More from Indiana University:

Keijzer was a member of IU's Varsity 8 boat during the 2011 season, helping them to a 14-5 record. A talented rower in the Netherlands, she was recruited to row at IU even though she had only one year of eligibility. She earned Collegiate Rowing Coaches Association Scholar-Athlete honors as well as Academic All-Big Ten accolades following the 2011 season. A decorated junior rower, Keijzer participated in the European Rowing Junior Championships in 2006 and the World Rowing Junior Championships in 2007.

Her impact was impressive.

"Karlijn was the 'stroke' of the Varsity 8 boat for us," Peterson said. "That is the person who sets the rhythm for the boat and everyone follows her. She was unquestionably the leader of the best boat we had that year. It was the first boat that got us into the national rankings and had a great season. It also helped propel our program towards the success that we had this past season, and we all know that we can trace it back to that boat that was led by Karlijn.

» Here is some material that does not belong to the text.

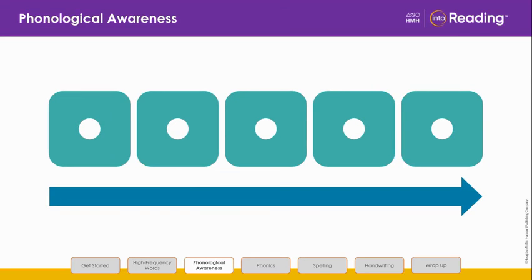Listen to all the sounds in this word: P, R, I, N, T — print. What's the word? Print.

"Academically, she was straight A student, so she was outstanding there. But her biggest strength was her personality on the team. Any picture she you see of her, she was always smiling or happy or joking around with someone. She was extremely supportive of her teammates and had a tremendous enthusiasm. She was exactly the type of student-athlete any coach would want on their team.

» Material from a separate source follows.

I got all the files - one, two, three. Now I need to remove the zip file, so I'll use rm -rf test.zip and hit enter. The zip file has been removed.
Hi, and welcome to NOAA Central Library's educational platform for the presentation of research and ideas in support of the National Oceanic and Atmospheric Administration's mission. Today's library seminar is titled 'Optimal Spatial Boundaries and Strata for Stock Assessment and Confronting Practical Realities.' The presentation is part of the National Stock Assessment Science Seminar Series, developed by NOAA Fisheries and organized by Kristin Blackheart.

Peterson said that when he met with Keijzer after she finished her eligibility, all she wanted to talk about was the future of the rowing program.

"She knew that we were headed in the right direction, and she was genuinely excited about it. Then this past year, we saw that come to fruition and she contacted me and said 'I told you so.' So she was as excited as anyone else for us as a program and the success we had."